* REQUIRED WORK:
Set down, please, the line that contains "2018_rivian_r1s-top" and every line that follows it to the end of the records, exactly; do not include pictures.
[Start of Attachment]
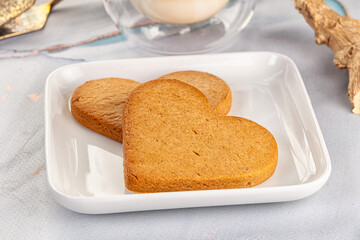 Sweet ginger cookies for snack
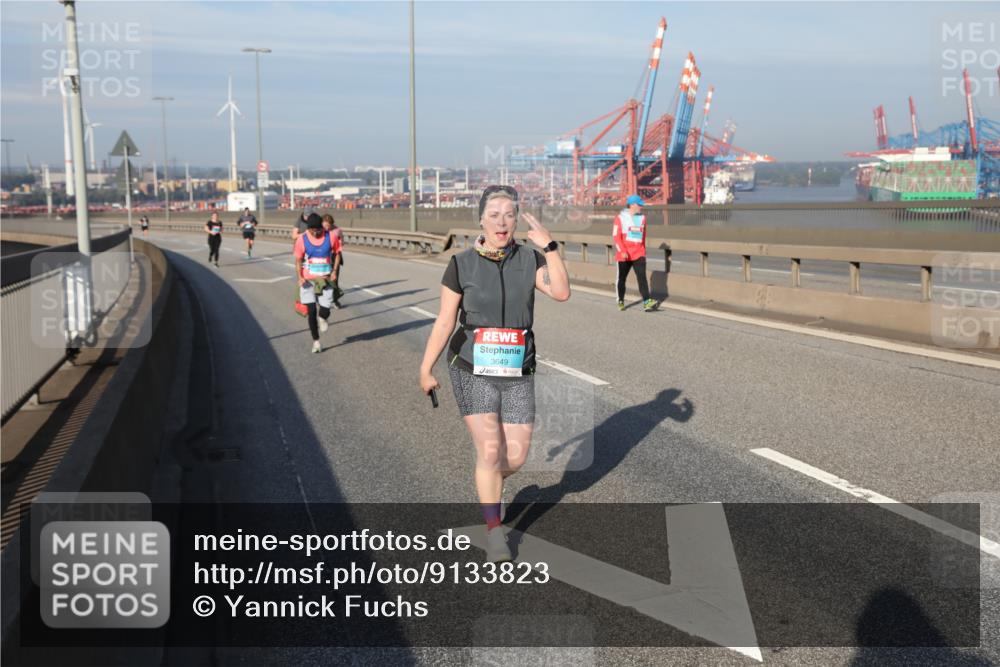 03.10.2025 - Köhlbrandbrückenlauf Yannick Fuchs http://msf.ph/oto/9133823 03.10.2025 09:06:58 Position 2 3649 meine-sportfotos.de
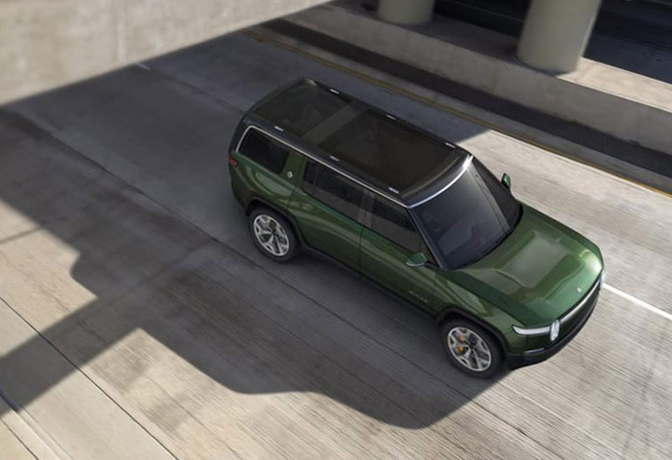 2018_rivian_r1s-top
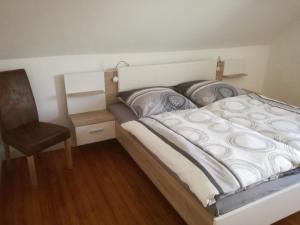 布利斯卡斯特尔Haus - Anni的一间卧室配有一张床和一把椅子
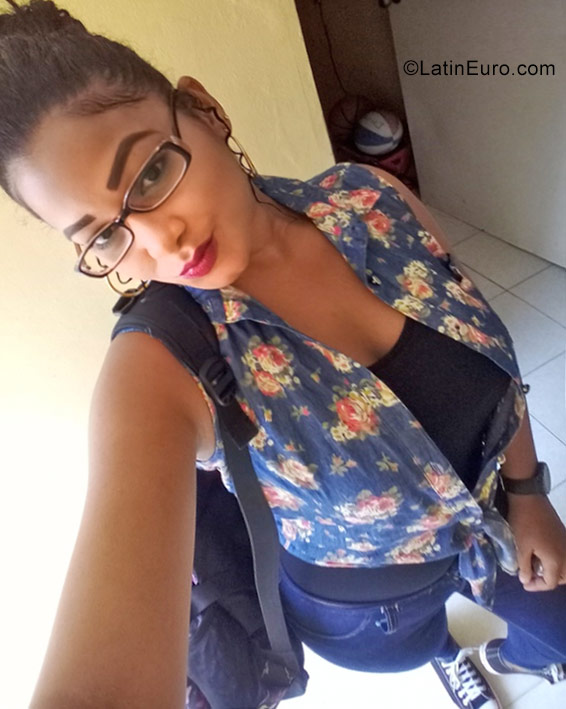 Date this nice looking Dominican Republic girl Roxanna from Santo Domingo DO30423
[End of Attachment]
* RESULT OF THE TASK:
 2018_rivian_r1s-top
 布利斯卡斯特尔Haus - Anni的一间卧室配有一张床和一把椅子
 Date this nice looking Dominican Republic girl Roxanna from Santo Domingo DO30423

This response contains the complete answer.